Beginning at the first line of the data, print each line exactly, stopping after the line that contains "Friskers White &".

» Provided records
· · · ·

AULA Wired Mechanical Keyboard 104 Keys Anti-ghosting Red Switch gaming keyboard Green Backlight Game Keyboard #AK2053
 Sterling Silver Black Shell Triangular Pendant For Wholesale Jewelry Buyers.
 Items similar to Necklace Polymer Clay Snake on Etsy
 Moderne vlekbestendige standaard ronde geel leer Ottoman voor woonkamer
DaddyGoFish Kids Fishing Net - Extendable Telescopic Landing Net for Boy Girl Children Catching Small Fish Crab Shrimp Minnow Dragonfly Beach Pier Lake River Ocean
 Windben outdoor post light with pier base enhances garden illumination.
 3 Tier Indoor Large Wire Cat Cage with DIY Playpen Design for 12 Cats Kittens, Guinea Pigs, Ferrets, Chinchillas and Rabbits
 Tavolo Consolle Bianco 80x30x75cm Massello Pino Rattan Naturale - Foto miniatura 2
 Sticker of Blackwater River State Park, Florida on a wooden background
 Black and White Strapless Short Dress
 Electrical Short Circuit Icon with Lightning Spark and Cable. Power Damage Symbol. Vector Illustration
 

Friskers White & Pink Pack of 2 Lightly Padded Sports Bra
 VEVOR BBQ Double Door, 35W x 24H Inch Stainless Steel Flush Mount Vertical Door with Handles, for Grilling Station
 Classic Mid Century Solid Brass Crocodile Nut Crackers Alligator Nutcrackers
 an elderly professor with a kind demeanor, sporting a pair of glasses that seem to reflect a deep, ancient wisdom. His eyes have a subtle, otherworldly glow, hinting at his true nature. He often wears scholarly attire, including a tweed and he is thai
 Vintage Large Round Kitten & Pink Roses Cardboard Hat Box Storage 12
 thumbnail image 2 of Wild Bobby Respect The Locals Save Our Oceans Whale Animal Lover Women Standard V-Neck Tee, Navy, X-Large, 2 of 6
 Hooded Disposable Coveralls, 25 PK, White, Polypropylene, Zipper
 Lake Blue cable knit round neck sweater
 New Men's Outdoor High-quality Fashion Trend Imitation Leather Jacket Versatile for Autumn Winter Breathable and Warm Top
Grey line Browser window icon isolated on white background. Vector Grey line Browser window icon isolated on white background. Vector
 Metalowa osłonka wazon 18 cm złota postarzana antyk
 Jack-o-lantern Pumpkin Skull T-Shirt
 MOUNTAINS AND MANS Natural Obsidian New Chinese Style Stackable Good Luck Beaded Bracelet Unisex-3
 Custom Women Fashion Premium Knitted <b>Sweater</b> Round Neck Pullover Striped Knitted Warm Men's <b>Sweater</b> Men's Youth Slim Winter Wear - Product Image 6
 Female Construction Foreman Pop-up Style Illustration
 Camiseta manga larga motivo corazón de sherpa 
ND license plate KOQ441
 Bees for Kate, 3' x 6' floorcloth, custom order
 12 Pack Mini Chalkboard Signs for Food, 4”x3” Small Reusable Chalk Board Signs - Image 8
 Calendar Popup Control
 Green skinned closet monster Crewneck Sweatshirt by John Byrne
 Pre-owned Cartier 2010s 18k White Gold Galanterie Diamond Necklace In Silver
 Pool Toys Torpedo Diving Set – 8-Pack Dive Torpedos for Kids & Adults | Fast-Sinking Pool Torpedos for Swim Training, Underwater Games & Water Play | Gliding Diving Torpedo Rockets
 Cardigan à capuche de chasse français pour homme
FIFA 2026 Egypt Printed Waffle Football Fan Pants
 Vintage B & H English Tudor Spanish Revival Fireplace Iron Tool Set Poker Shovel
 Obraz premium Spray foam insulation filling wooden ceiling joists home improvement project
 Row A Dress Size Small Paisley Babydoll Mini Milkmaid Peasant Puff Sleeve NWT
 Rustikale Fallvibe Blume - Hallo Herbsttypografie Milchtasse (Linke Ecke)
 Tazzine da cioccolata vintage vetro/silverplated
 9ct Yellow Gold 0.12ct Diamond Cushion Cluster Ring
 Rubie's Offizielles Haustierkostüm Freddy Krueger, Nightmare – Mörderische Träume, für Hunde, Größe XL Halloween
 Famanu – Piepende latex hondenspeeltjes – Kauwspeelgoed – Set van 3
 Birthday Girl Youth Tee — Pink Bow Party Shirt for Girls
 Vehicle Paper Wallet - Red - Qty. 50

· · · ·

» Solution
AULA Wired Mechanical Keyboard 104 Keys Anti-ghosting Red Switch gaming keyboard Green Backlight Game Keyboard #AK2053
 Sterling Silver Black Shell Triangular Pendant For Wholesale Jewelry Buyers.
 Items similar to Necklace Polymer Clay Snake on Etsy
 Moderne vlekbestendige standaard ronde geel leer Ottoman voor woonkamer
DaddyGoFish Kids Fishing Net - Extendable Telescopic Landing Net for Boy Girl Children Catching Small Fish Crab Shrimp Minnow Dragonfly Beach Pier Lake River Ocean
 Windben outdoor post light with pier base enhances garden illumination.
 3 Tier Indoor Large Wire Cat Cage with DIY Playpen Design for 12 Cats Kittens, Guinea Pigs, Ferrets, Chinchillas and Rabbits
 Tavolo Consolle Bianco 80x30x75cm Massello Pino Rattan Naturale - Foto miniatura 2
 Sticker of Blackwater River State Park, Florida on a wooden background
 Black and White Strapless Short Dress
 Electrical Short Circuit Icon with Lightning Spark and Cable. Power Damage Symbol. Vector Illustration
 

Friskers White & Pink Pack of 2 Lightly Padded Sports Bra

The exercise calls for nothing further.